Por exemplo: uma bomba nuclear e ele já era. Por isso todo casal deveria antes,
durante e depois de tudo ser amigo. Só a amizade e as baratas sobreviverão ao
fim do mundo do amor.Outra: encantamento é a coisa mais importante do mundo
(petróleo nada, os carros são movidos a encantamento). É claro que acho a
criatividade a coisa mais importante do mundo, mas vida deveria ser um pedaço
de criatividade cercado de encantamento por todos os lados. Quero dizer,
criatividade é a chama, conquanto encantamento é o fósforo, a caixinha, o
sambista… e o paiol.
Michelangelo sabia das coisas,
vide “A Criação do Homem”. Assim, todo teto é potencialmente uma Capela
Sistina. Em suma, encantamento é algo frágil. Encantamento é um bichinho de
pelúcia que fala, anda e sente e pensa. É uma pessoa de pelúcia. É a pessoa mais
linda do mundo de pelúcia. A pessoa mais linda do mundo nua e de polainas de
pelúcia. E te amando. Encantamento é tesão lírico – ou tesão e lirisimo. Mas é
frágil como qualquer coisa que morre. Cuide do seu encantamento sob risco de
virar cimento – ou rima vã. Aliteração – ou renavam. Enfim, figura de
linguagem, retórica, balela, baleia… Pois a sombra do encantamento é pesada e
esperneia. Esmaga sem maldade, mas esmaga, atropela, pisa. Tem gente que a
gente vê no olhar a sombra do encantamento repisando.
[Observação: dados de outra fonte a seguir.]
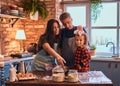 Family together cooking breakfast in loft style kitchen. Royalty Free Stock Photo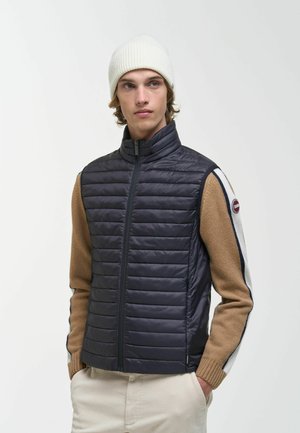 Junger Mann, der eine weiße Strickmütze, eine marineblaue gesteppte Weste, einen beigen Pullover mit weißen und marineblauen Streifen und beige Hosen trägt, steht mit den Händen in den Taschen.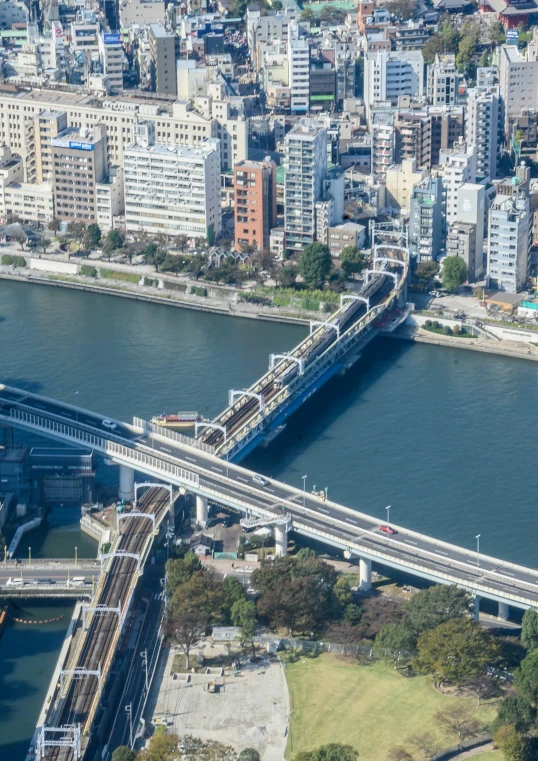 a large bridge that is over water in a city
Lembrei dos Paralamas: “Cuide
bem do seu amor”. Ao contrário dos filmes e do desejo popular, se tiver de ser
será, etc, o amor é o eterno pique até a porta do elevador fechando. Quer
dizer, torça para que tenha alguém lá dentro, que te ouça gritar “segura, por
favor!”, e, fundamentalmente, corra na direção dele(a).Porque amor é vida na
plenitude, assim, caminha para a morte, seu mar é o fim. Delicado jogo esse,
sobre o arame sobre o abismo sobre o poema sobre a página sob os olhos. Em que
aquilo é tudo na vida e ainda se tem a vida inteira – não no sentido de tempo,
mas espaço. Por isso o casamento é meia pedra no caminho andado para o andor de
barro da dor do fim do amor.
Há que se ter destreza para
equilibrar tantos contorcionistas chineses, bigornas de cristal, tratores de
papel, jumbos de mel… O amor é tão sinistro que te faz viver por contraste,
oximoro velhaco – vide o texto.O amor é o eixo da desmáquina. O amor é molhar a
mão. O amor é qualquer coisa que qualquer um escreva, enfim. E esse é o perigo.
E ainda bem. E ainda mal. E aí dá. Mas quem sou eu para falar de Roma?